Incendi in Sicilia, famiglie costrette a fuggire dalle case minacciate dalle fiamme

Momenti di apprensione anche nel territorio di Menfi, nell’Agrigentino, dove nel primo pomeriggio un vasto incendio di sterpaglie sviluppatosi in contrada Cipollazzo ha minacciato alcune abitazioni. Il rogo è stato successivamente circoscritto, evitando conseguenze più gravi per le persone e le strutture della zona.

Fiamme anche in località Makauda, a Sciacca, dove, a scopo precauzionale, soccorritori e forze dell’ordine hanno disposto l’allontanamento delle persone presenti all’interno di un residence turistico. Gli ospiti sono stati concentrati sulla spiaggia, in attesa che la situazione tornasse sotto controllo. Anche la strada statale della zona è stata chiusa per consentire lo svolgimento delle operazioni di emergenza in sicurezza.

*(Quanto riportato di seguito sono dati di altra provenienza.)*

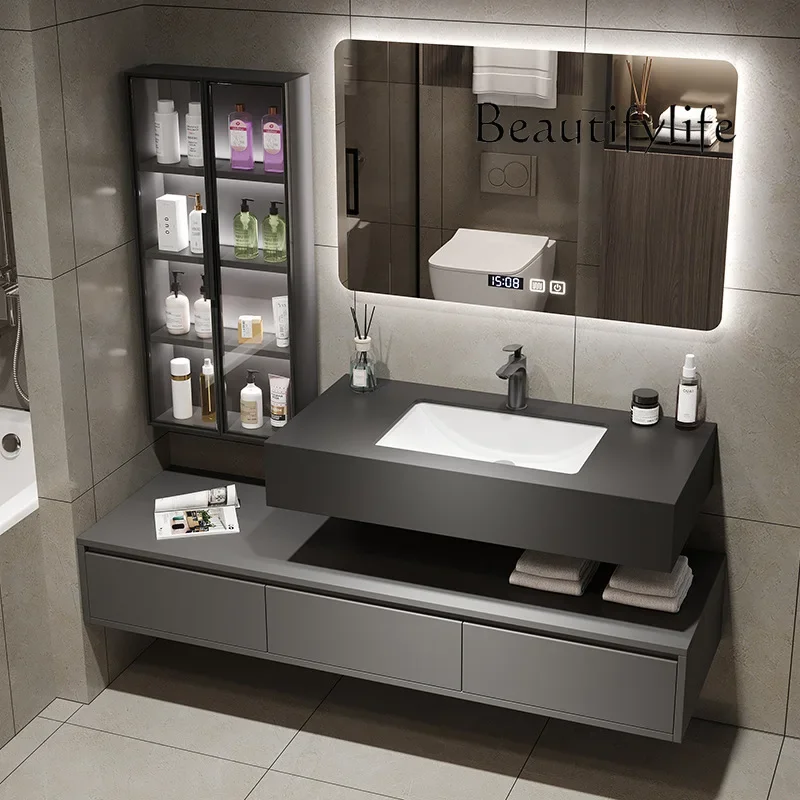 

ModernLuxury Bathroom Cabinets With Side Cabinet Rock Ceramic Basin Bathroom Vanity Cabinet Display Gabinete Trendy Furniture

La giornata ha confermato ancora una volta quanto sia elevato il rischio incendi durante i periodi caratterizzati da temperature molto alte e vegetazione particolarmente secca. Nell’entroterra siciliano sono state raggiunte punte superiori ai 40 gradi, condizioni che hanno reso ancora più complesso il lavoro delle squadre antincendio.

Numerosi roghi in tutta l’Isola

Altri incendi sono stati segnalati in diversi comuni siciliani. Nel Nisseno è stato interessato il territorio di Butera, mentre nel Trapanese i roghi hanno colpito Paceco, Partanna, Castelvetrano e Calatafimi Segesta.

Nel Palermitano, oltre a Ciminna, le fiamme hanno interessato Polizzi Generosa. Altri interventi sono stati effettuati nel Messinese, nei territori di Roccella Valdemone e Santa Domenica di Vittoria.

Secondo quanto riferito, molti dei roghi sarebbero di origine dolosa, un elemento che rende ancora più preoccupante il bilancio di una giornata particolarmente impegnativa per il sistema antincendio regionale.

Mentre le squadre continuano a lavorare per mettere in sicurezza le aree interessate, resta la preoccupazione dei residenti costretti ad allontanarsi dalle proprie abitazioni. A Ciminna, in particolare, resta l’incertezza per chi ha dovuto lasciare la propria casa davanti all’avanzare delle fiamme: soltanto al termine delle operazioni sarà possibile verificare l’eventuale presenza di danni alle abitazioni e alle proprietà.